[EXERCISE AIM]
Write out the data below exactly as given, without any of its pictures.

[THE DATA]
--

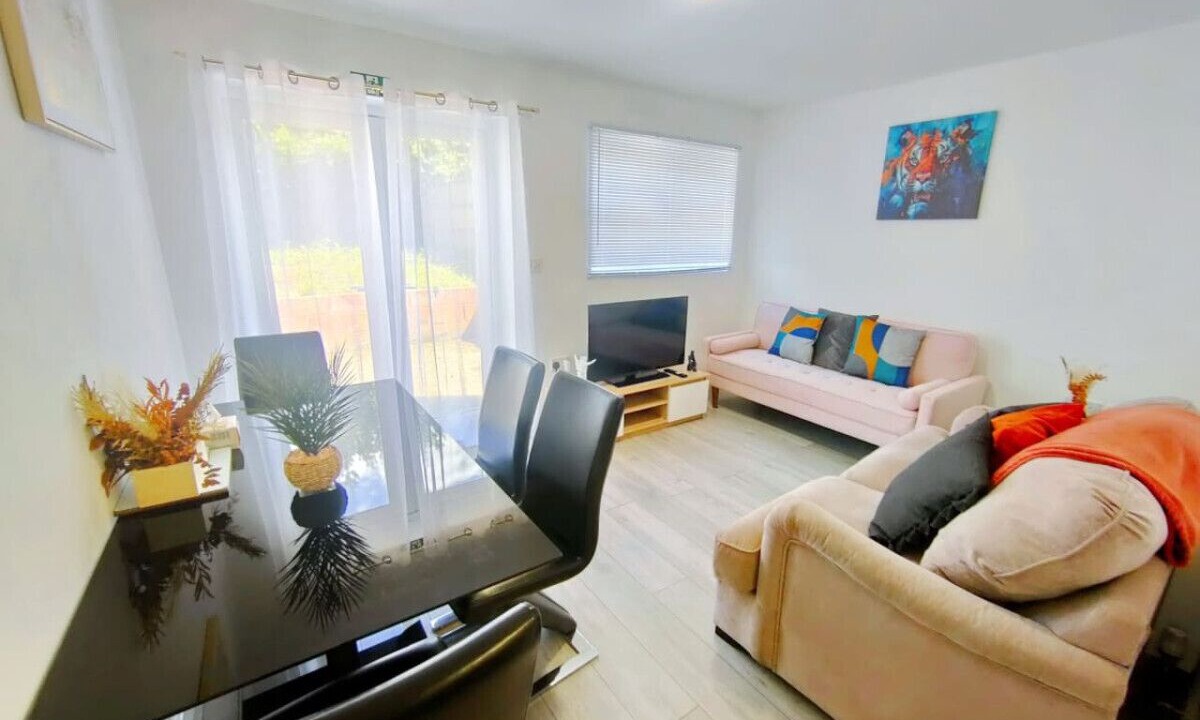 Photo of Livingroom in Weston on Trent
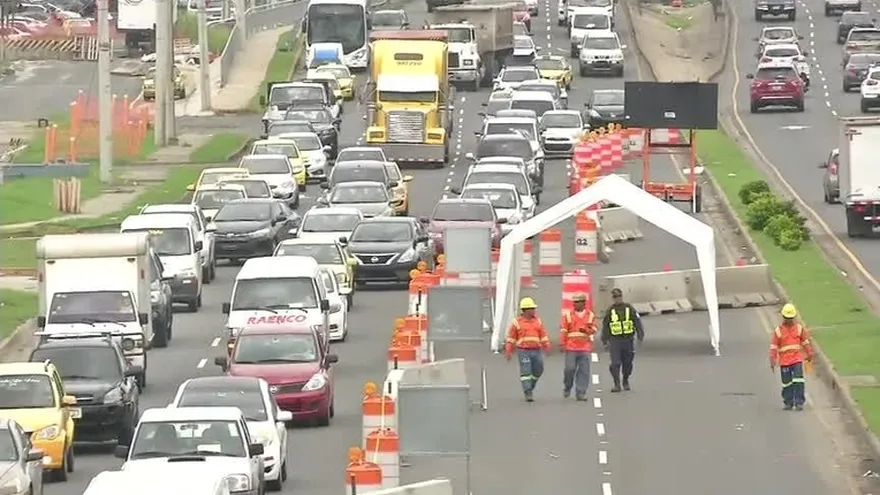 Cierran carriles en la vía Domingo Díaz por Línea 2 del Metro
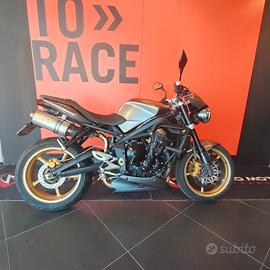 TRIUMPH STREET TRIPLE 675 (2010)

--

[OUTPUT OF THE TASK]
 Photo of Livingroom in Weston on Trent
 Cierran carriles en la vía Domingo Díaz por Línea 2 del Metro
 TRIUMPH STREET TRIPLE 675 (2010)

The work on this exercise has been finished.